At Sweet Dreams Mattresses and More, Keith Moneymaker says he’s raised prices 10-15% due to supply, but he has some advice for other retailers.
“Keep pricing high so you don’t lose money and get the most bang for your buck on inventory,” he says. “Slashing pricing and major discounting isn’t winning the retail game for anyone.”
Sleep On Mattress Owner Robert Mitzel says whether sales are up right now is beside the point of price increases.
“If we take a survey and say things are good we’re only gonna see more price increases,” he explains. “The big guys and lots of little guys need to keep pushing back or we will only see more increases from manufacturers.”
He goes on to say that when someone is rewarded for certain behaviors, they only do more of it. And furthermore, he thinks the question in the survey is the wrong question to ask.
“Why are sales up right now is a better question,” he says. “Sales are up because people are flush with ‘free money’ and that doesn’t last. What could be a needed windfall for retailers could lead to disaster for main street retailers. Will sales be up as extra unemployment benefits end, stimulus payments stop, and tax refunds run out? How about downturns in the economy and inflation at record levels? If sales don’t continue strong, will manufacturers be willing to quickly reduce prices again?”
Rick Bush, a sales veteran who’s been in the mattress industry for nearly 20 years, says he’s seen mattress prices skyrocket since he hit the retail sales floor in 2003.
“Are prices going up? Yup,” Bush says. “Do customers realize or even notice a difference? Nope, not really. Why? Because lots of retailers have a vast range in price points and most of these mattresses are transactional purchases.”

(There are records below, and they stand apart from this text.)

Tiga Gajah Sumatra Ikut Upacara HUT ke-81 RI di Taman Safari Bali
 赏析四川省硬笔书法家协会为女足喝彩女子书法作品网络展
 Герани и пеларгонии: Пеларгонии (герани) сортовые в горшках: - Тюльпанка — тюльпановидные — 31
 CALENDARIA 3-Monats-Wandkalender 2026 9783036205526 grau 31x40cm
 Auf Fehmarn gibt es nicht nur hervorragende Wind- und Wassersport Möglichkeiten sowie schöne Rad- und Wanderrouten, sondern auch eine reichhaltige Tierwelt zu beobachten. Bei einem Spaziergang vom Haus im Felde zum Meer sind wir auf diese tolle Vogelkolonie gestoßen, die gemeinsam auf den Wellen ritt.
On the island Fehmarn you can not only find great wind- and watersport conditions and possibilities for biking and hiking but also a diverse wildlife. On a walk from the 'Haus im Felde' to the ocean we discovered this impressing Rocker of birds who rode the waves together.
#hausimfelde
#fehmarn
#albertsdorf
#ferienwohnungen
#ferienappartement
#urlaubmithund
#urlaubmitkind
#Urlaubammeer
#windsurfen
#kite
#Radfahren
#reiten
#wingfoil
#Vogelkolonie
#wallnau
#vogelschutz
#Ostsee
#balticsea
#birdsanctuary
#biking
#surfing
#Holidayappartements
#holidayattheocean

He adds that he’s yet to see a customer walk into his store and say much of anything about prices of mattresses.
“The fact is you want cheap, here’s cheap. You want expensive, here’s expensive,” he says. “No one notices price changes on $100-$300. Price isn’t the objection. All these 0% financing companies help overcome price issues. As much as we don’t want to think of it, mattresses are mostly transactional. No one can remember what they paid for their mattress 10 years ago. They’re always wrong, they always inflate the price. And we laugh when we look it up and see it was hundreds and at times thousands less than they thought.”
So in conclusion, he says price increases are benefiting retail sales and that everyone has made more money than they ever have in years. But he also warns that you need to be careful because inflation and recession have an ugly way of turning up and crippling your cash flow. “And when that happens, it’s curtains folks.”